ARTICLE 6 SPECIAL COVENANTS

14

ARTICLE 7 EVENTS OF DEFAULT

19

ARTICLE 8 MISCELLANEOUS

21

ARTICLE 9 CONDITIONS TO EFFECTIVENESS

24

Appendix 1

27

Appendix 2

30

Appendix 3

32

Appendix 4

33

Appendix 5

34

Appendix 6

37

Appendix 7

40

Appendix 8

42

Appendix 9

43

Appendix 10

44

Appendix 11

45

THIS PREFERENTIAL BUYER CREDIT LOAN AGREEMENT

(the "Agreement") is made on the day of January 26, 2022 (date)

BETWEEN

The Government of the Republic of Serbia (hereinafter referred to as the "Borrower"), represented by the Ministry of Finance, having its office at 20 Kneza Milosa Street, 11000, Belgrade, Serbia;

AND

THE EXPORT-IMPORT BANK OF CHINA (hereinafter referred to as the "Lender"), having its registered office at No. 30, Fu Xing Men Nei Street, Xicheng District, Beijing 100031, China.

WHEREAS:

(A) On August 20, 2009, the Government of the People’s Republic of China and the Government of the Republic of Serbia entered into Agreement on Economical and Technical Cooperation in the field of Infrastructure, which enforced from June 25, 2010.

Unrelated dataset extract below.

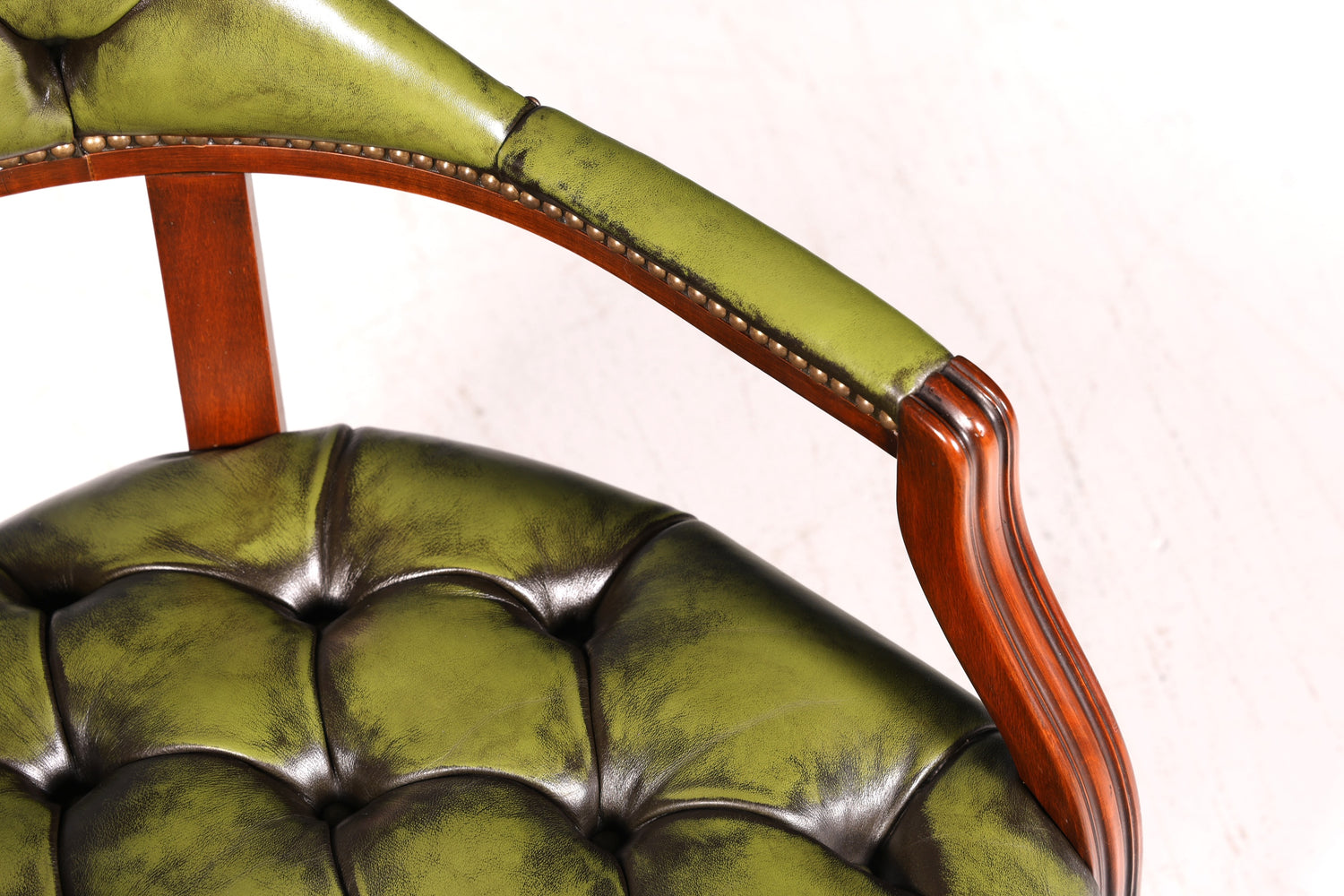 Edler Chesterfield Stuhl Englischer Armlehnstuhl Echt Leder Bürostuhl Sekretär Antik Vintage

(B) The Borrower has requested that the Lender make available a loan facility of up to US Dollar Six Hundred and Eight Million and Three Hundred Eighty Four Thousand and Six Hundred Ten only (US$ 608,384,610.00) to the Borrower for the financing needs under the Commercial Contract (as defined in Article 1), and;

(C) Republic of Serbia, represented by the Government of the Republic of Serbia, on behalf of the Ministry of Construction, Transport and Infrastructure (hereinafter referred to as the "Financer") and Public Enterprise "Roads of Serbia" (hereinafter referred to as the "Investor") and Koridori Srbije d.o.o (hereinafter referred to as the "Employer") and China Road and Bridge Corporation (hereinafter referred to as the "Contractor") have entered into on 6th of October 2020 the Commercial Contract on Design and Execution of Works on Construction of the Fast Road - IB Category State Road No. 21 Novi Sad - Ruma ("Fruškogorski Corridor") Project (hereinafter referred to as the "Commercial Contract") with the contract number 48-00-7081/2020-3 for the purpose of the implementation of the Project (as defined in Article 1).

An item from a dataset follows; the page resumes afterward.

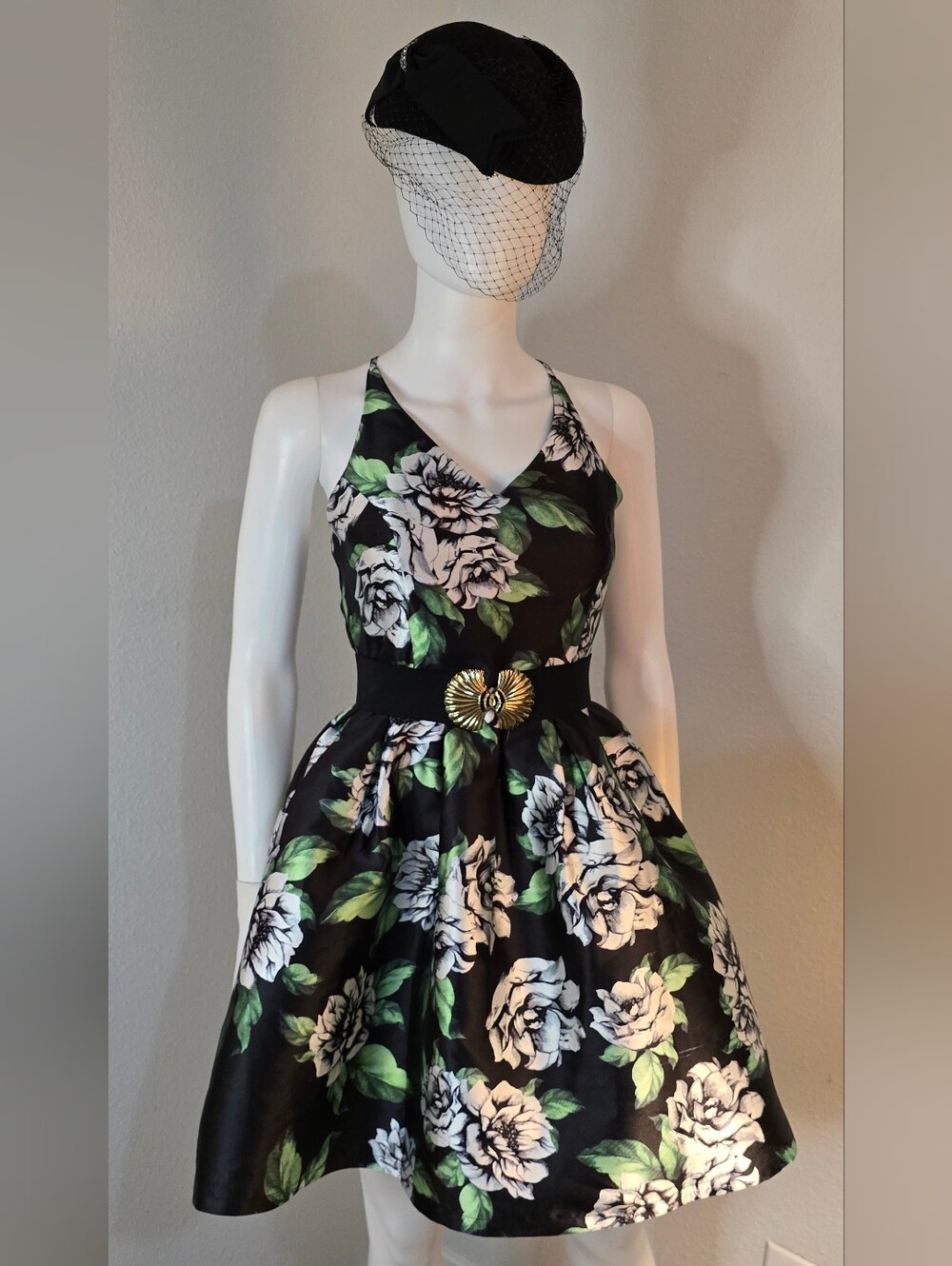 Black Floral Dress✨️✨️✨️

NOW THEREFORE, the Borrower and the Lender hereby agree as follows:

ARTICLE 1

DEFINITIONS

Where used in this Agreement, unless the context otherwise requires, the following terms have the following meanings:

1.1 "Account Bank of the Lender" means the Export-Import Bank of China.

1.2 "Affiliates" means, in relation to any person Controlling or Controlled by, or jointly Controlling or Controlled by, a third party with such person with respect to equity interests, funds, operations, sales and distributions or in any other aspects.

1.3 "Agreement" means this preferential buyer credit loan agreement and its appendices and any amendment to such agreement and its appendices from time to time upon the written consent of the parties.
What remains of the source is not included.